From mboxrd@z Thu Jan  1 00:00:00 1970
From: James Bottomley <James.Bottomley@SteelEye.com>
Subject: RE: [2.4.21] Spurious ABORTs
Date: Tue, 27 Sep 2005 15:10:45 -0500
Message-ID: <1127851845.4823.23.camel@mulgrave>
References: <0E3FA95632D6D047BA649F95DAB60E57060CD1E1@exa-atlanta>
Mime-Version: 1.0
Content-Type: text/plain
Content-Transfer-Encoding: 7bit
Return-path: <linux-scsi-owner@vger.kernel.org>
Received: from stat9.steeleye.com ([209.192.50.41]:36253 "EHLO
	hancock.sc.steeleye.com") by vger.kernel.org with ESMTP
	id S1750969AbVI0UKu (ORCPT <rfc822;linux-scsi@vger.kernel.org>);
	Tue, 27 Sep 2005 16:10:50 -0400
In-Reply-To: <0E3FA95632D6D047BA649F95DAB60E57060CD1E1@exa-atlanta>
Sender: linux-scsi-owner@vger.kernel.org
List-Id: linux-scsi@vger.kernel.org
To: "Bagalkote, Sreenivas" <Sreenivas.Bagalkote@engenio.com>
Cc: "'linux-scsi@vger.kernel.org'" <linux-scsi@vger.kernel.org>, 'Christoph Hellwig' <hch@infradead.org>, "'hch@lst.de'" <hch@lst.de>, "Kolli, Neela Syam" <Neela.Kolli@engenio.com>

On Tue, 2005-09-27 at 15:48 -0400, Bagalkote, Sreenivas wrote:
> >1. you do clustering, so a reset request could be from a 
> >reservation breaking protocol
>
> I don't have clustering setup. So this is definitely not the reason.

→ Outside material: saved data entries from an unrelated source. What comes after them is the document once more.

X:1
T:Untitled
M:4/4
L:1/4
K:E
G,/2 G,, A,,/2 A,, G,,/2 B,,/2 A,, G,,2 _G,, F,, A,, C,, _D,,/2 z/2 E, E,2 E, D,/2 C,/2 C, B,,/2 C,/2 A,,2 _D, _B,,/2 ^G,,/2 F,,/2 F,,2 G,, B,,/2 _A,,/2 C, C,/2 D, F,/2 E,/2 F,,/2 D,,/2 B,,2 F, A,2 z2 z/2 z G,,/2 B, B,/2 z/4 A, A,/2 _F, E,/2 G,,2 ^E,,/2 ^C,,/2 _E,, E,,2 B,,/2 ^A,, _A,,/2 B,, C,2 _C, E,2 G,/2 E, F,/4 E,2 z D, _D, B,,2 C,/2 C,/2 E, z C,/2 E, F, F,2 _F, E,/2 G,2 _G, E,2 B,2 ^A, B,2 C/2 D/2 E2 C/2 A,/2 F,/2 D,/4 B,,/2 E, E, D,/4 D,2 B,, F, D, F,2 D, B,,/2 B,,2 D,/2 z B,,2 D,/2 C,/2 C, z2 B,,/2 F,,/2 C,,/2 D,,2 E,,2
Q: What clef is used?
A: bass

You might not, but others do.  If you return success to a reset request
without doing anything then the device will stay reserved by the other
system.  i.e. you'll break clustering setups.

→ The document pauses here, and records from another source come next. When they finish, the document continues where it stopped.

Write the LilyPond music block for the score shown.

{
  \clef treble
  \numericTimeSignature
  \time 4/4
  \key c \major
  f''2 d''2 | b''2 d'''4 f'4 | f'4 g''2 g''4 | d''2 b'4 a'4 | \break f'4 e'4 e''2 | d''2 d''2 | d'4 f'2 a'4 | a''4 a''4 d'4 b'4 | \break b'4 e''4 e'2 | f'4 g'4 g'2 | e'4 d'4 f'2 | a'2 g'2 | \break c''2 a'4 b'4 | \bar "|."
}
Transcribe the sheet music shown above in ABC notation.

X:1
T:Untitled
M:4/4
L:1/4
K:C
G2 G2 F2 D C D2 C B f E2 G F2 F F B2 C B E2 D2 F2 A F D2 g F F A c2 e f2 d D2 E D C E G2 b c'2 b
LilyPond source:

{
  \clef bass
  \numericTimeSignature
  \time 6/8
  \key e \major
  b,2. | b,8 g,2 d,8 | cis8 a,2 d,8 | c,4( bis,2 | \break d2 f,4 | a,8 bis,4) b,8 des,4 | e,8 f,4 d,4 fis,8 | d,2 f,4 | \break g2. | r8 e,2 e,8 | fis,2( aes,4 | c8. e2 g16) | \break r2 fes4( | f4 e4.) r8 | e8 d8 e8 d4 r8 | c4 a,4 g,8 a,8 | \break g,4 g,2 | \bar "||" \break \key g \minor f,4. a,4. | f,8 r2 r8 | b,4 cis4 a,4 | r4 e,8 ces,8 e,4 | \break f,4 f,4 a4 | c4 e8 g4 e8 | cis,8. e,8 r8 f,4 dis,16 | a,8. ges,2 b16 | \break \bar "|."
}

> >2. The fact that the eh activated indicates something went 
> >wrong.  If you take no corrective action and the test unit 
> >ready that follows the reset fails or times out then the 
> >device will be taken offline.
> >
> 
> Heavy IOs are going on in the FW while it is rebuilding RAID arrays.
> We expect some of the commands to timeout. But the key is recover
> gracefully. I see that FW is completing _all_ the commands albeit 
> after timing out. When the reset handler is called after all the
> commands are out of the door, I simply return success. Can this
> potentially cause any issues?

As long as the Test Unit Ready that follows the reset succeeds, then no,
this will work and it shouldn't cause any issues other than the
clustering one.

James